- [Data under study]:
═══
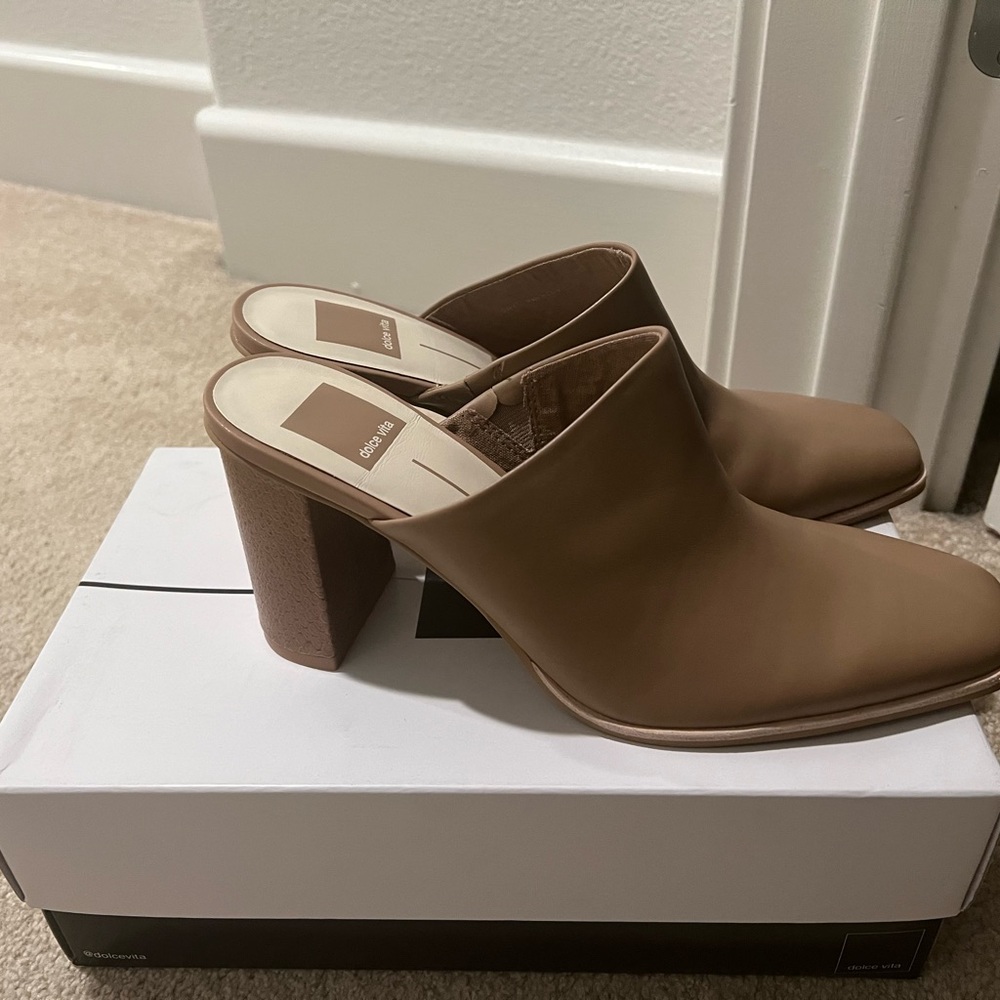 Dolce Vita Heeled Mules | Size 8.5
═══
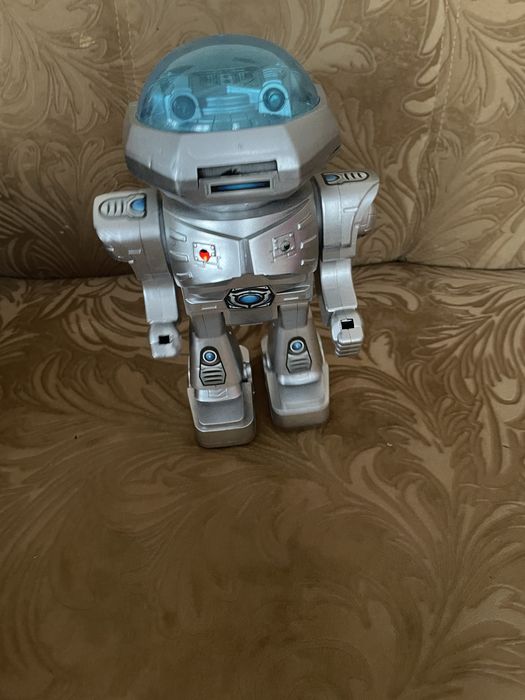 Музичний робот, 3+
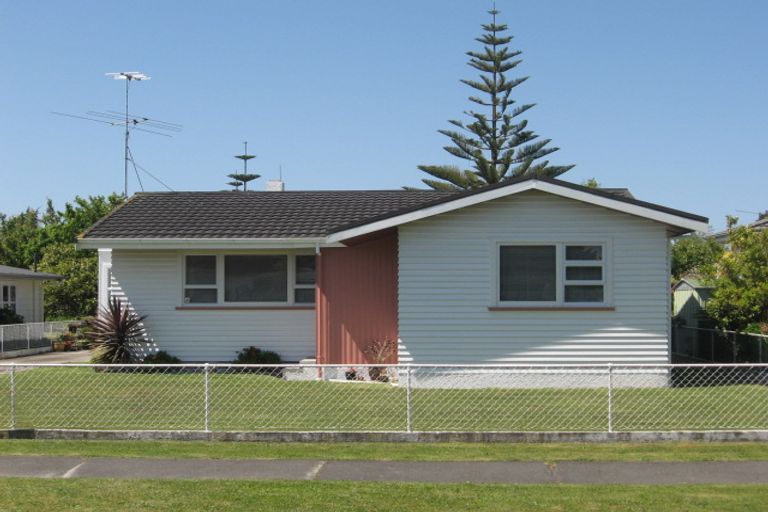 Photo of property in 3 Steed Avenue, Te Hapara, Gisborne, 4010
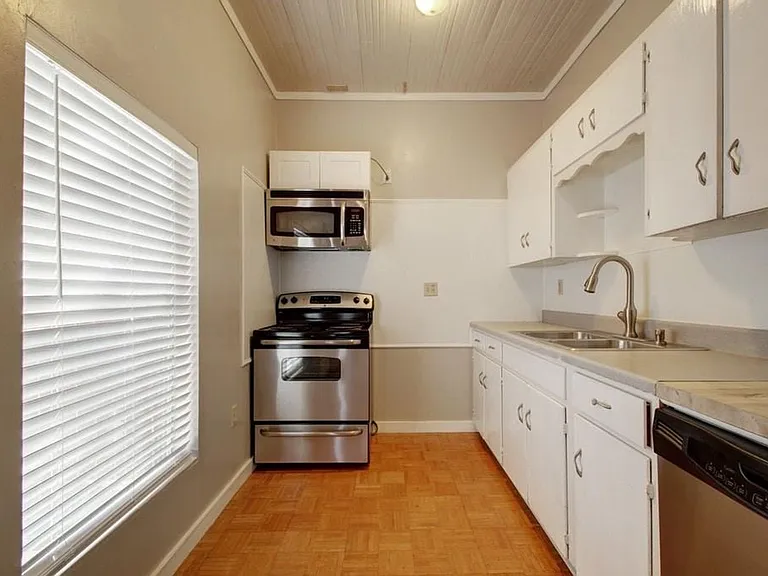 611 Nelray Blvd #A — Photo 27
═══
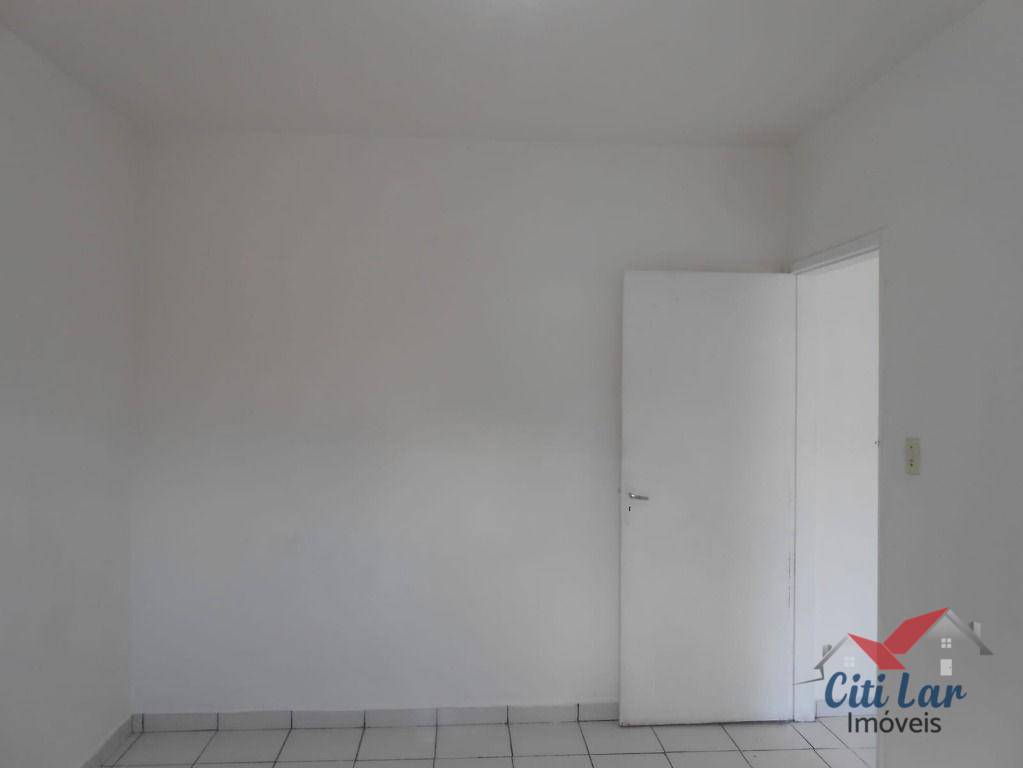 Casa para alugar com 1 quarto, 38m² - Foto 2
═══
- [Task description]:
Going by the entries above, repeat exactly the lines that start at the line with "Музичний робот, 3+" and go on through the line with "611 Nelray Blvd #A — Photo 27". Pictures are not part of the copy.

- [Response to the exercise]:
 Музичний робот, 3+
 Photo of property in 3 Steed Avenue, Te Hapara, Gisborne, 4010
 611 Nelray Blvd #A — Photo 27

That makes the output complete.